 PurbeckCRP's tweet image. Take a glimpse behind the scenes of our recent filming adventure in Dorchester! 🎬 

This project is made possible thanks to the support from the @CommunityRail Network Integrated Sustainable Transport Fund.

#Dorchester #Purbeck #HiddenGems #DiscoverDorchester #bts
--
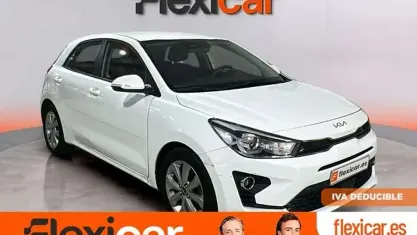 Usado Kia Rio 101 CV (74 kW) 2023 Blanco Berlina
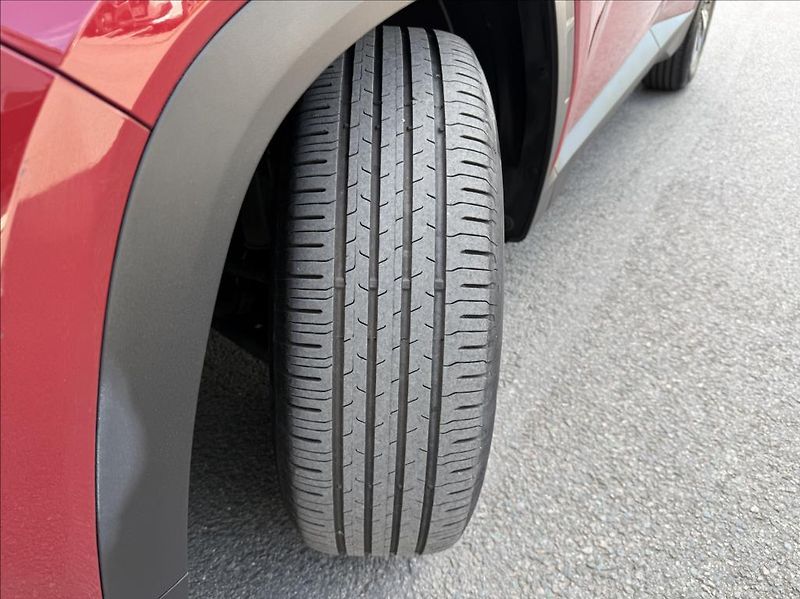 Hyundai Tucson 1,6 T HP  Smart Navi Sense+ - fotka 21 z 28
...
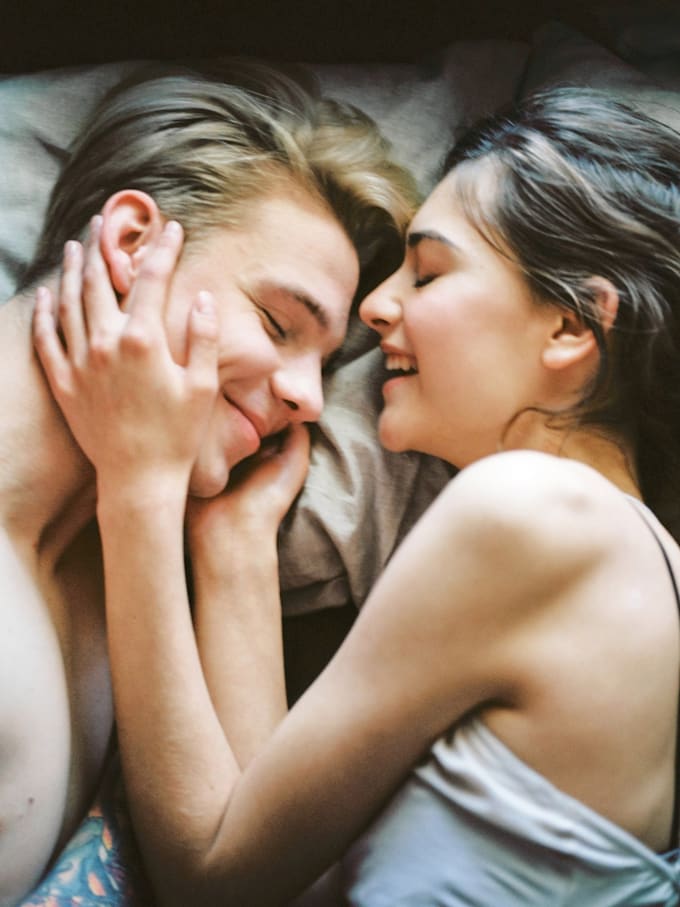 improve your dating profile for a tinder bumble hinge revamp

INSTRUCTIONS FOR THE TASK:
Word for word, restate the lines of the data above that fall between the line holding "PurbeckCRP's tweet image." and the line holding "#Dorchester #Purbeck #HiddenGems", inclusive, and no other lines.

OUTPUT:
 PurbeckCRP's tweet image. Take a glimpse behind the scenes of our recent filming adventure in Dorchester! 🎬 

This project is made possible thanks to the support from the @CommunityRail Network Integrated Sustainable Transport Fund.

#Dorchester #Purbeck #HiddenGems #DiscoverDorchester #bts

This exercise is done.